China-Germany bilateral trade, at 187 billion euros last year, is way bigger than China-France and China-UK, at 70 billion euros each. And yes, Berlin is worried. Made in China: 2025 represents a significant “threat” to top quality German companies producing high-end manufacturing goods.
Those days may be over when China bought astonishing amounts of German machinery – plus the inevitable BMWs and Audis. The new normal points to an army of Chinese companies moving up the value-added chain at breakneck speed.
As Bauer CEO Thomas Bauer told Reuters: “(Rivalry with China) will not be a contest against copiers. It will be one against innovative engineers.”
Navigating the blue economy
The report Blue China; Navigating the Maritime Silk Road to Europe usefully expands the scope of the debate, pointing to how the development of the Maritime Silk Road may be even more crucial than overland connectivity corridors.
The report acknowledges how the Maritime Silk Road already affects the EU in terms of maritime trade and shipbuilding, and asks some questions about the increasing global presence of the PLA Navy. It recommends that the EU “should emulate China’s blue economy as an engine of growth and wealth, and encourage innovation to respond to well-funded Chinese industrial and R&D policies.”
The “blue economy” features heavily in Made in China: 2025 – especially in terms of innovation in port infrastructure and shipping. The rationale, from Beijing’s point of view, is always about maritime trade cost cutting – but that, of course, will always depend on whether oil prices will keep going up, as OPEC and Russia are keen.
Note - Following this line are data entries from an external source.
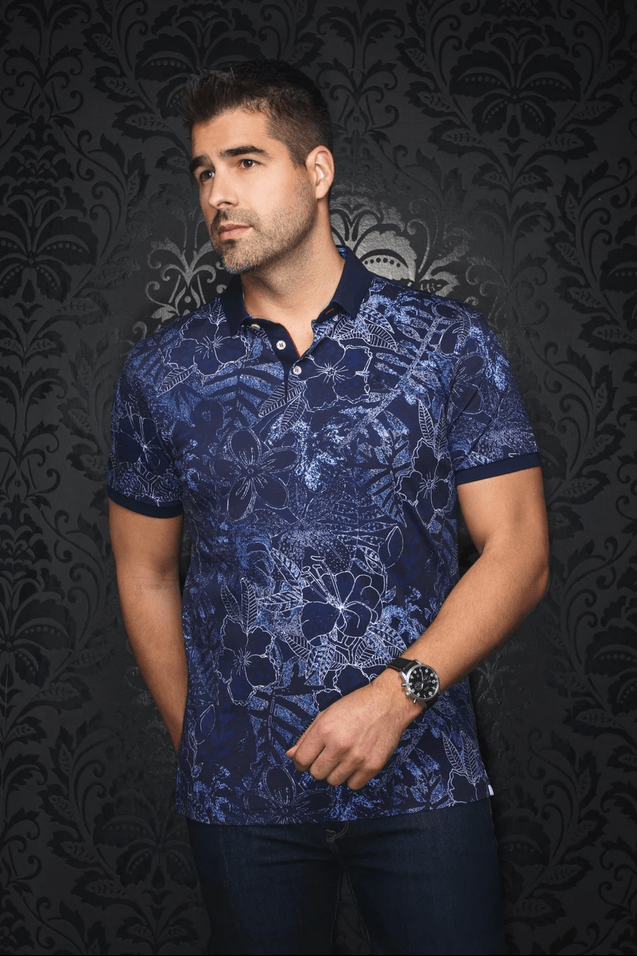 Au Noir Polo | BENNETT, Navy - Caswell's Fine Menswear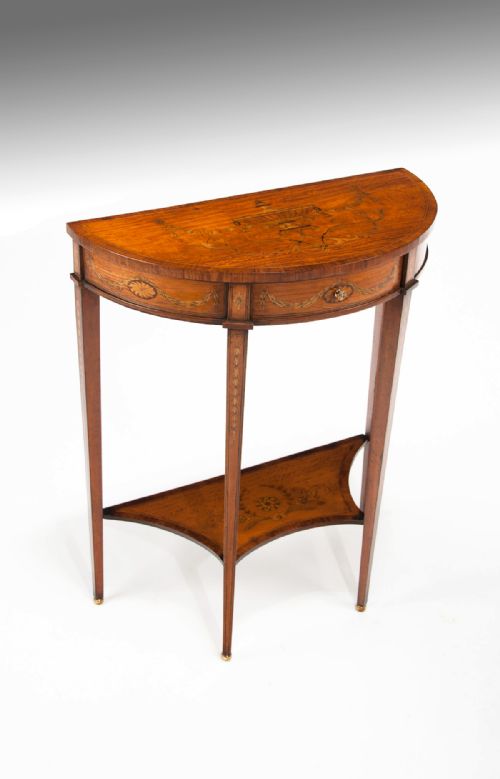 fig 3. Extremely Fine Marquetry Satinwood Demi Lune Console Table by Hampton & Sons of Pall Mall London.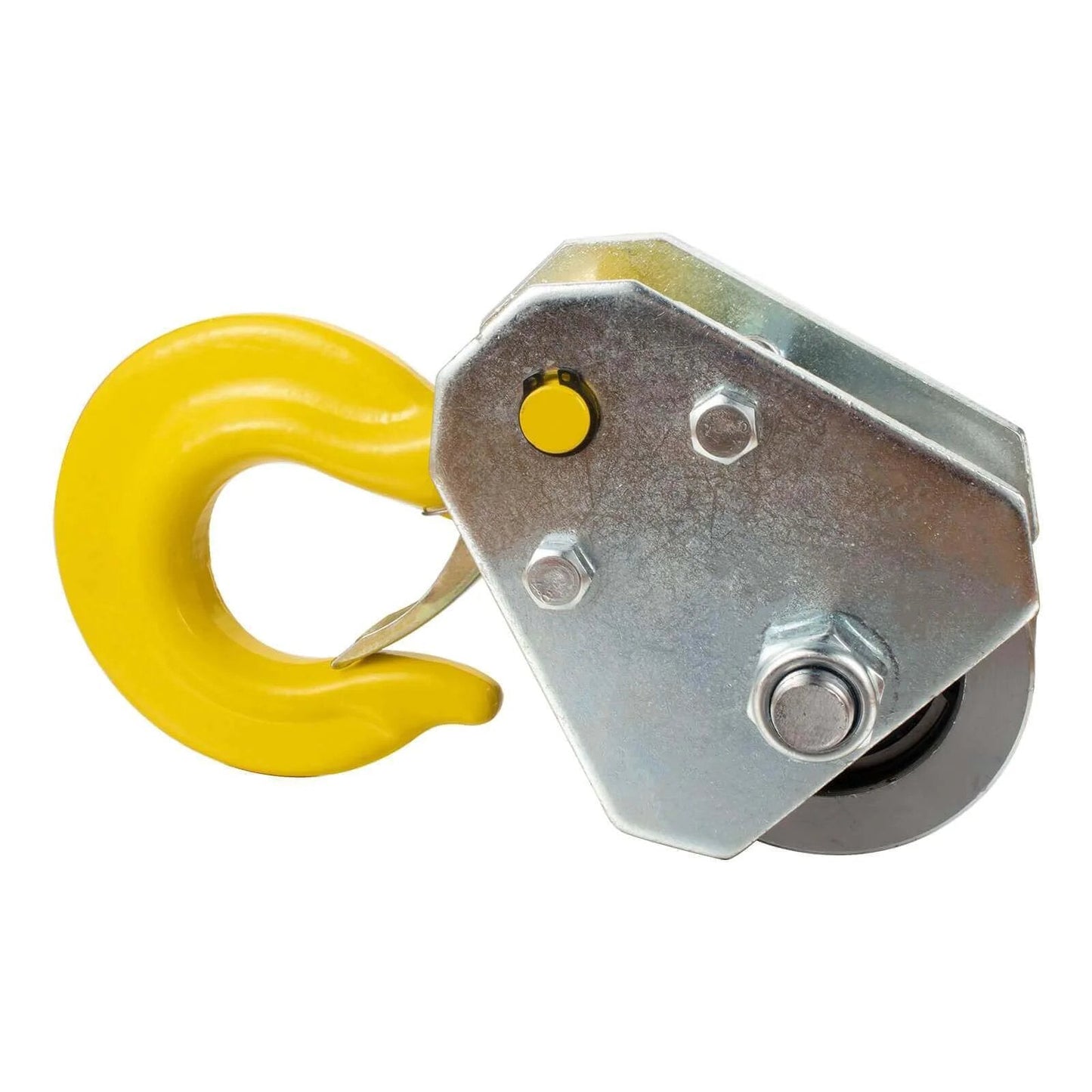 2Ton Pulley Hook Heavy Duty Pulley Lifting Block Hoist with Hook for 5/8" Wire Rope Snatch Block 1Pack, yellow hook, metal body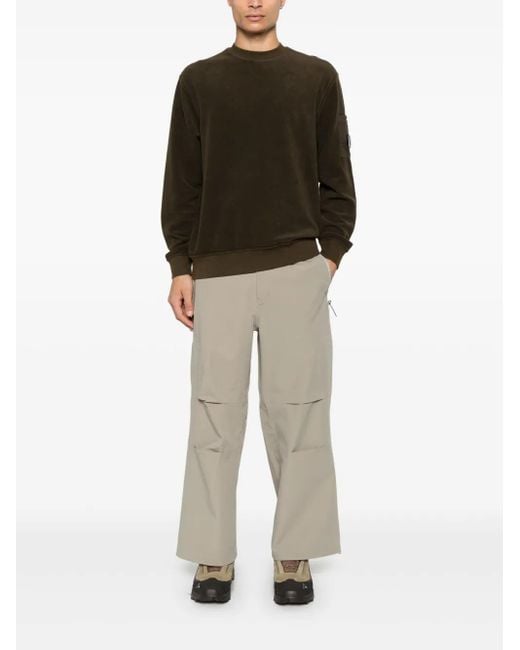 C P Company Brown Reverse Brushed & Emerized Diagonal Fleece Crewneck Sweatshirt for men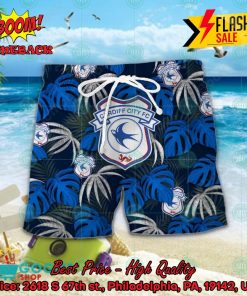 Cardiff City FC Big Logo Tropical Leaves Hawaiian Shirt And Shorts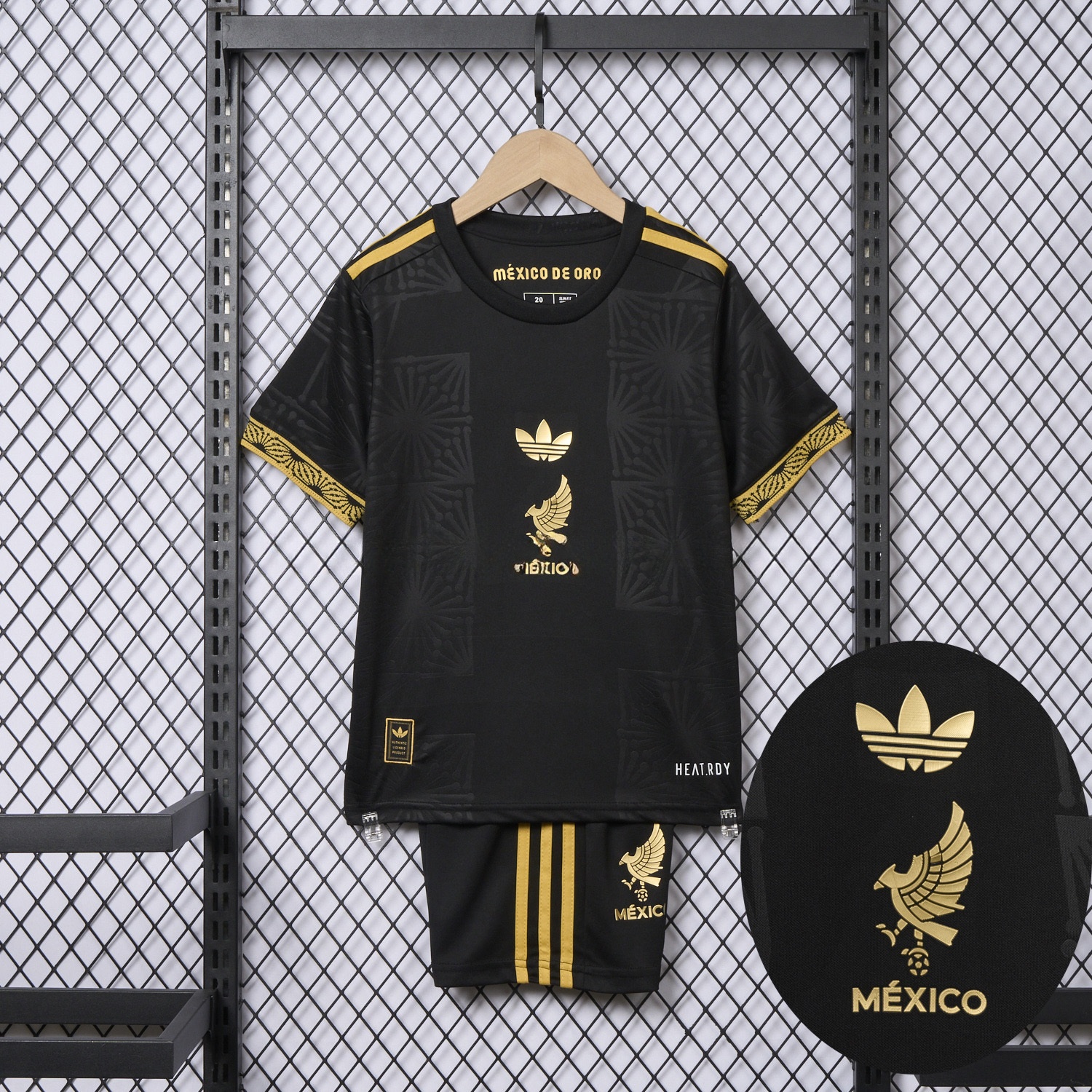 Mexico 2025 Gold Cup Black Kids Kit - Player Version - UnitedFutballJersey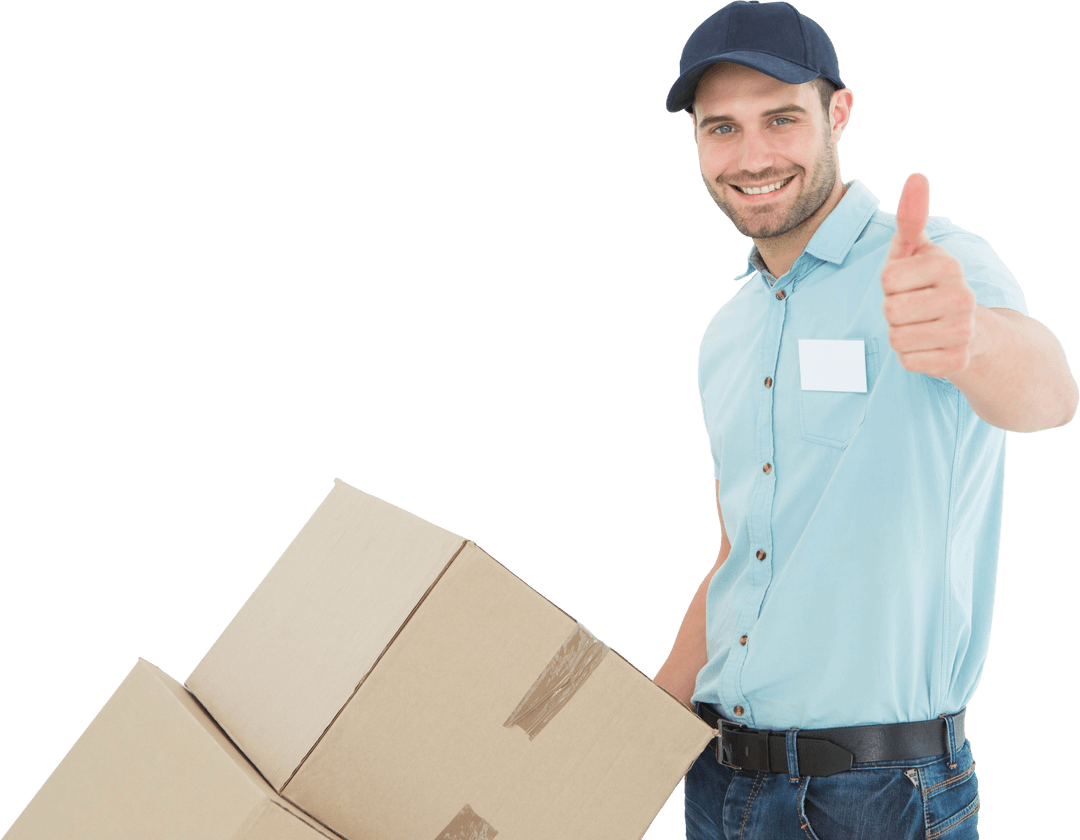 Transparent Happy Delivery Man Cheerful Thumbs Up Gesture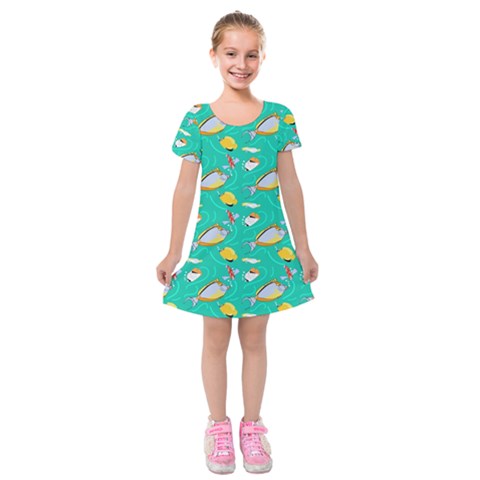 Naso Flame Fabric Kids  Short Sleeve Velvet Dress from ArtsNow.com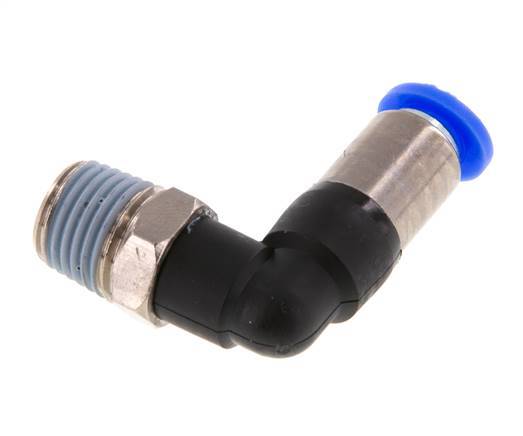 Steckverschraubung 6mm & R1/4'' männlich Selbstsichernder Winkel Messing/PBT 0-10bar (0-145psi) [2 Stück]
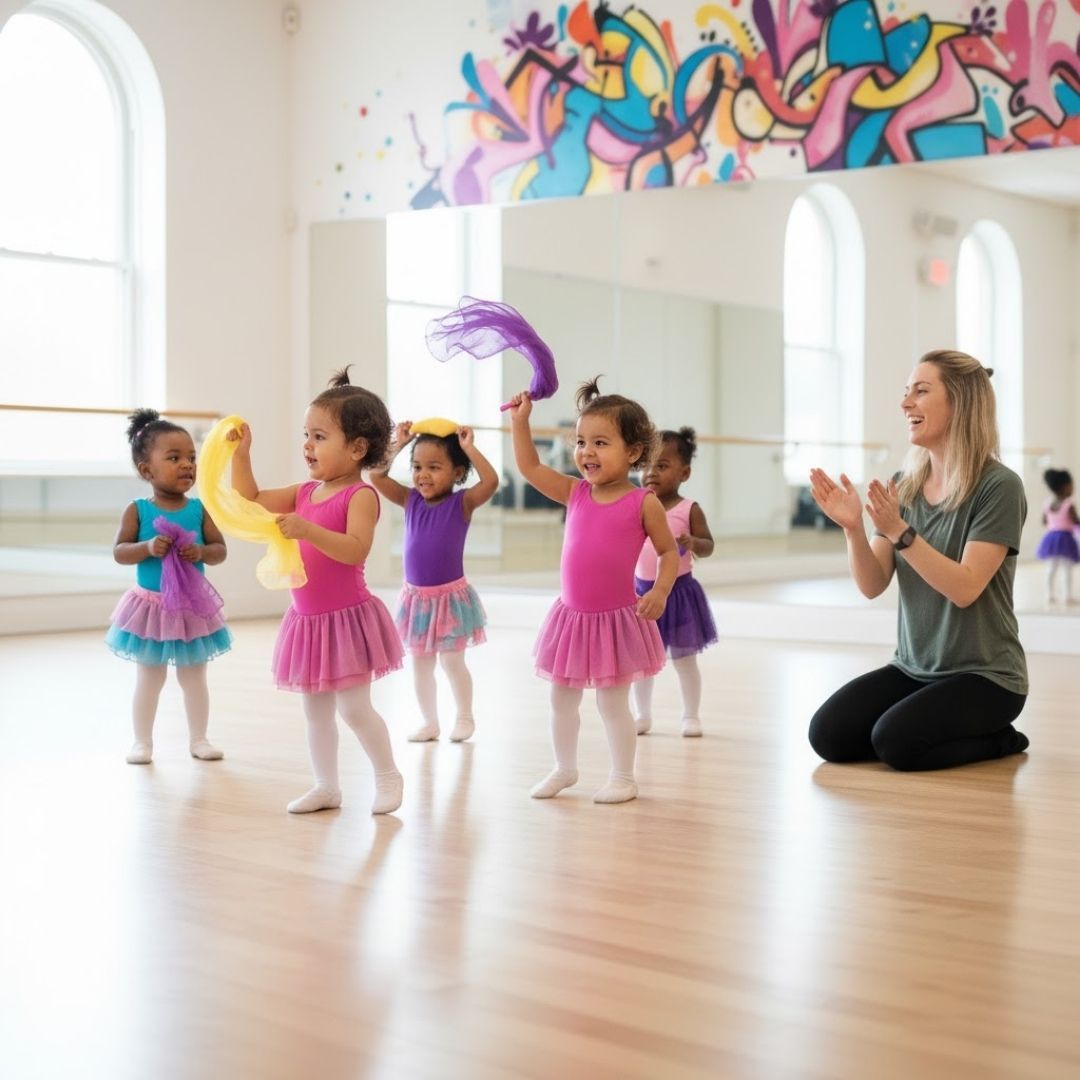 Toddler girls in bright dance outfits waving colorful scarves in a dance studio with their smiling teacher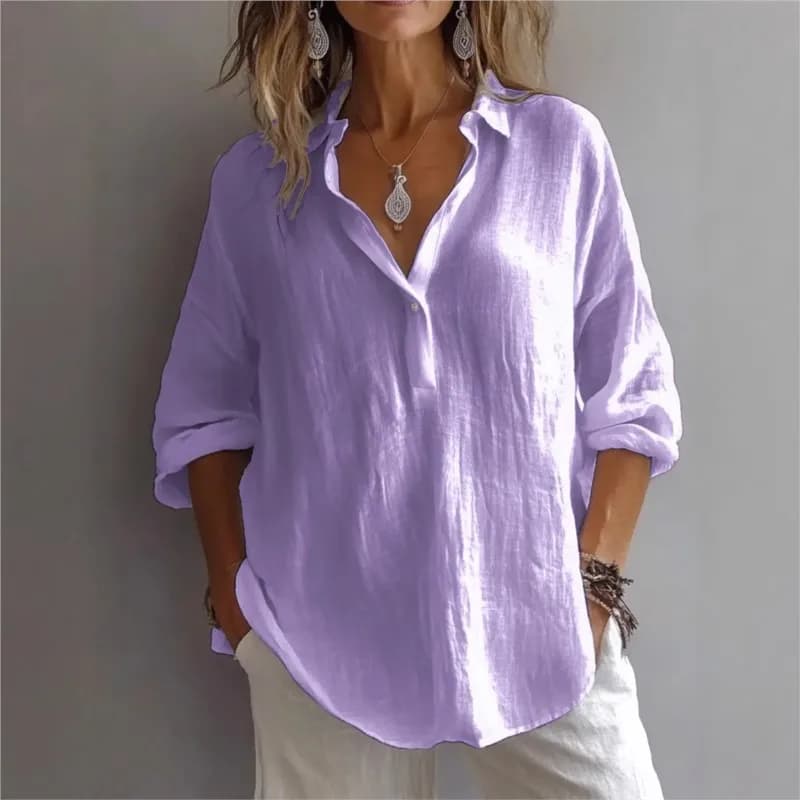 2025 Nuova Primavera Estate Camicie oversize Camicetta Pullover da donna Risvolto con scollo a V Casual Moda quotidiana Top Office Lady Abiti femminili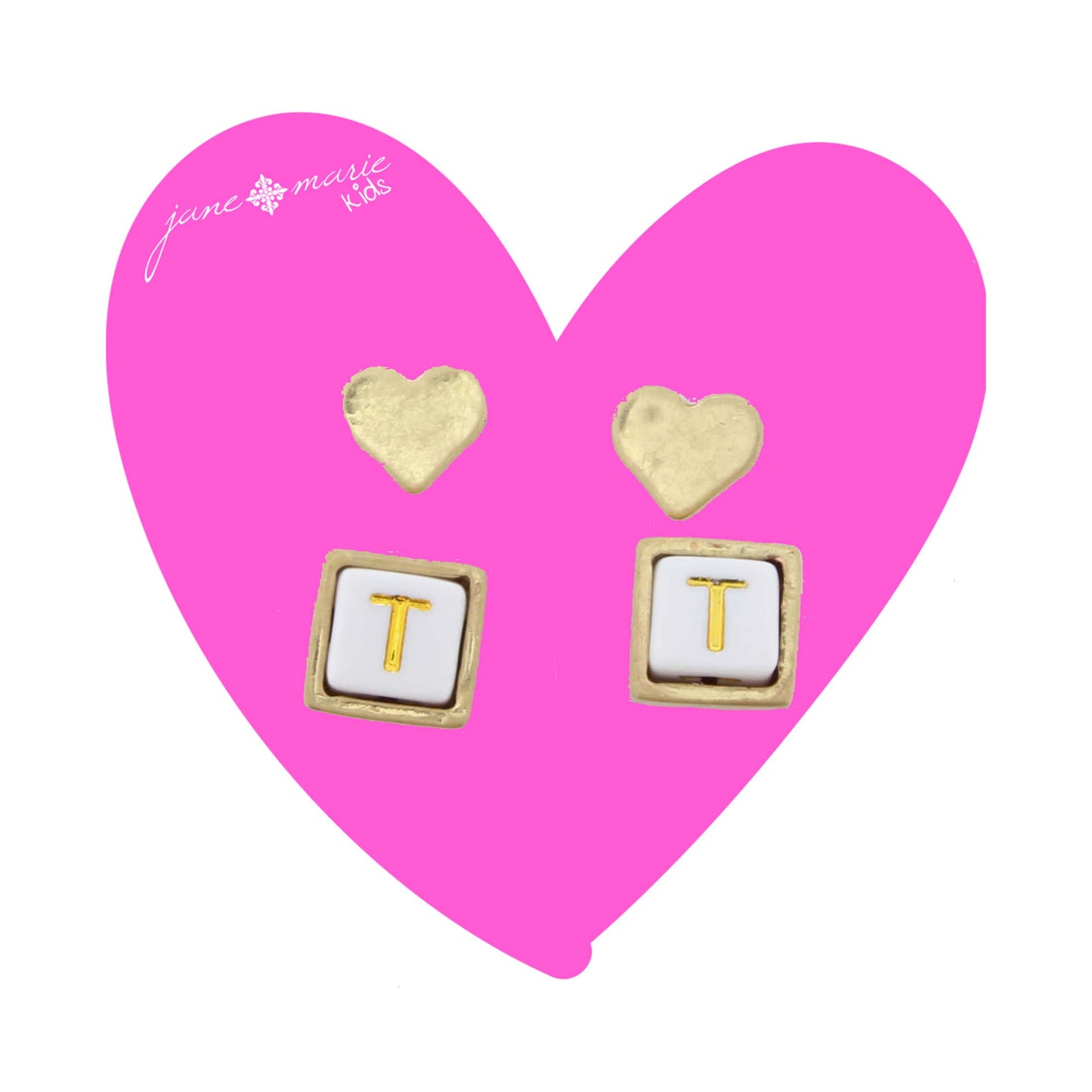 Kids Gold Heart Stud, White Encased Block with "T" Initial Earring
As it stands, the EU bureaucracy has to be fearful, sensing the possibility of being squeezed between high-tech China and Trump’s America First. And that does not even factor in the inevitable geo-strategic clash between the BRI and the “free and open Indo-Pacific” to be managed, in theory, by the US, Japan, India and Australia; more of a glamorized South China Sea patrol than a vast project of Eurasian economic integration.
There will be an EU-China summit in July and then a German-China summit later in the year. Non-transparent sparks are bound to fly.